In the entries below, repeat only the lines between those holding "B-71020 ムラサキウニバラ詰め250g×1折[7月上旬以降発送]" and "VILLAGE PNG CHICKENS #2, 31xPNG", inclusive. Leave pictures out.

*** Begin section ***

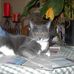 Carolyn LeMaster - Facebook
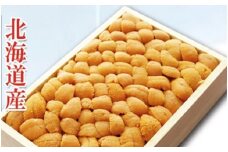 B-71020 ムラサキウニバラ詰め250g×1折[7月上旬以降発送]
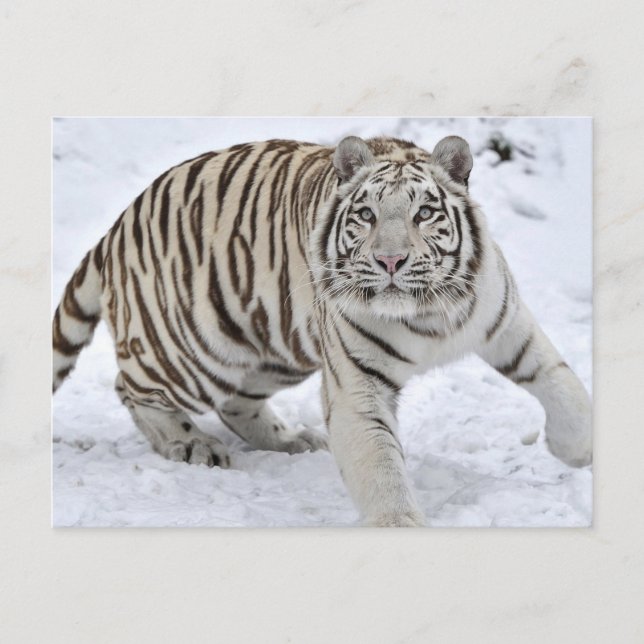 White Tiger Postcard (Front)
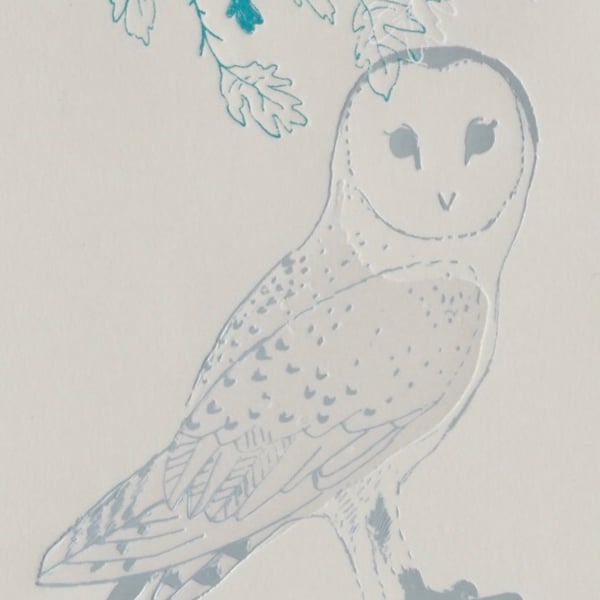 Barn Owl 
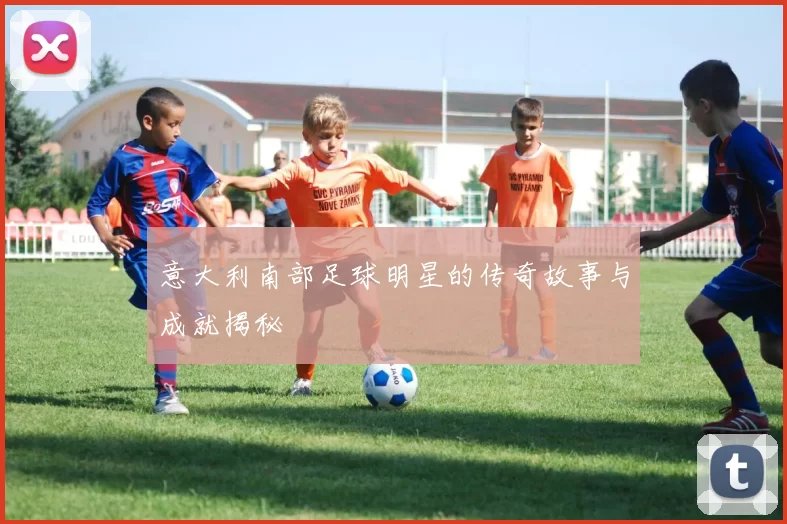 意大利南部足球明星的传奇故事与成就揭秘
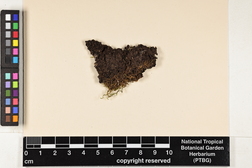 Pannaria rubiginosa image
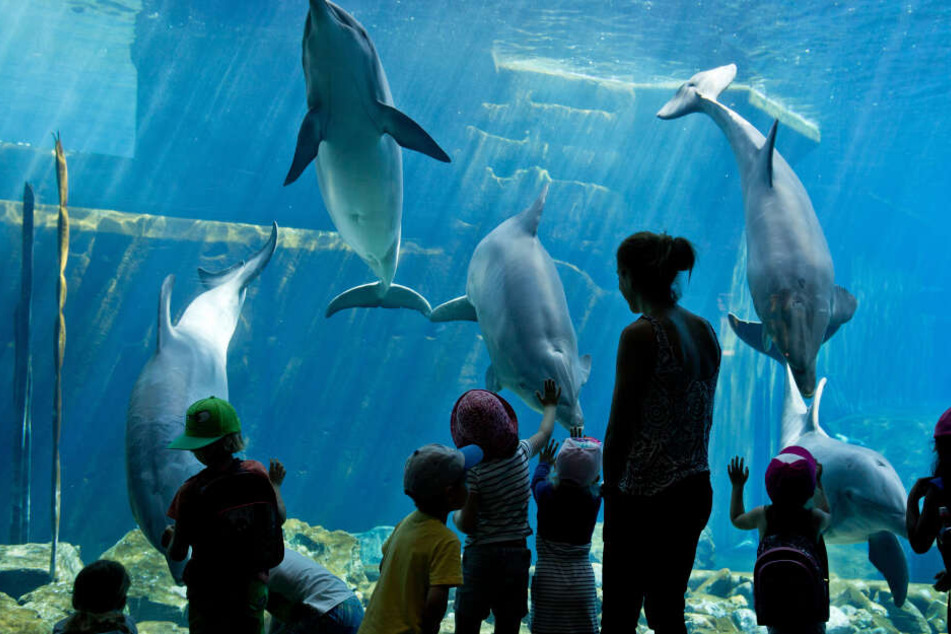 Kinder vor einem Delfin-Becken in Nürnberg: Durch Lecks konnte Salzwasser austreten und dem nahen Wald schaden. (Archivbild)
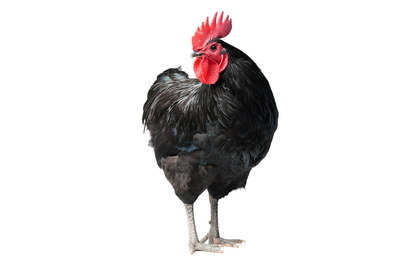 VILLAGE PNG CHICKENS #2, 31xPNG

*** End section ***
*** Begin section ***

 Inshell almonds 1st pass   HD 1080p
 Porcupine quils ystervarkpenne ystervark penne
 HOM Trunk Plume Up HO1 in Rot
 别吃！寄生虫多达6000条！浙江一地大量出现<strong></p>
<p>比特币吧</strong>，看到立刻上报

*** End section ***

## RESULT BELOW
 B-71020 ムラサキウニバラ詰め250g×1折[7月上旬以降発送]
 White Tiger Postcard (Front)
 Barn Owl 
 意大利南部足球明星的传奇故事与成就揭秘
 Pannaria rubiginosa image
 Kinder vor einem Delfin-Becken in Nürnberg: Durch Lecks konnte Salzwasser austreten und dem nahen Wald schaden. (Archivbild)
 VILLAGE PNG CHICKENS #2, 31xPNG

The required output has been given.